It might be a cliched approach, but Braica, as he learned from Norm Roberts during six years as his top deputy while the Red Storm began their climb from a morass former coach Mike Jarvis plunged the program head-first into, has figured out that slow and steady ultimately does win the race.
"Yeah, I know some people are excited," he admitted with regard toward the ever-growing hope and visions of what may lie ahead, "but we've got a long way to go. We're not paying any attention to it, and it's not for lack of gratitude. It's for, I know the kind of trap you can fall into if you start thinking about stuff like that."
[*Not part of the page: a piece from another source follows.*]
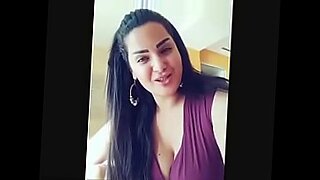 sunny leone hardly boobs press fucking x video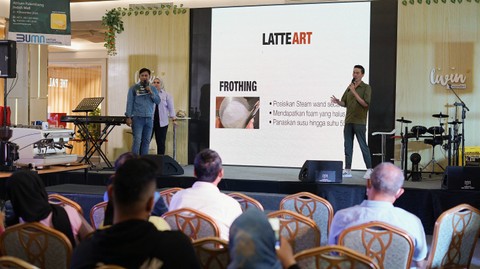 Foto: Aksi Barista Meracik Kopi di Pesta Kopi Mandiri 2022 (1)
No truer words could have been spoken, as Braica is 0-4 in Northeast Conference tournament games since returning to Remsen Street in 2010. That is not to say he or his players were distracted in the moment of truth, but rather, victims to the unpredictable nature of postseason play. Speaking of postseason play, victories against Fairleigh Dickinson and Saint Francis University this week will clinch a regular season NEC title for the Terriers, with its accompanying reward being a guaranteed berth in the National Invitation Tournament that St. Francis can fall back on should they not win their conference tournament. But, as you may expect, the coach of what could be the latest Cinderella story in a city that always embraces the underdog, is looking solely to Thursday night against Greg Herenda and Fairleigh Dickinson, a team whose 12-game losing streak began last month at the hands of the Terriers.
"We've got to crank it up every day and be focused and ready to play," Braica assessed, "and that's all we're worried about."
With just a few more efforts like those that have propelled the Terriers to wins in six consecutive games and 15 of their last 17, St. Francis College; which markets itself as the small college of big dreams, just might become the small college in the Big Dance.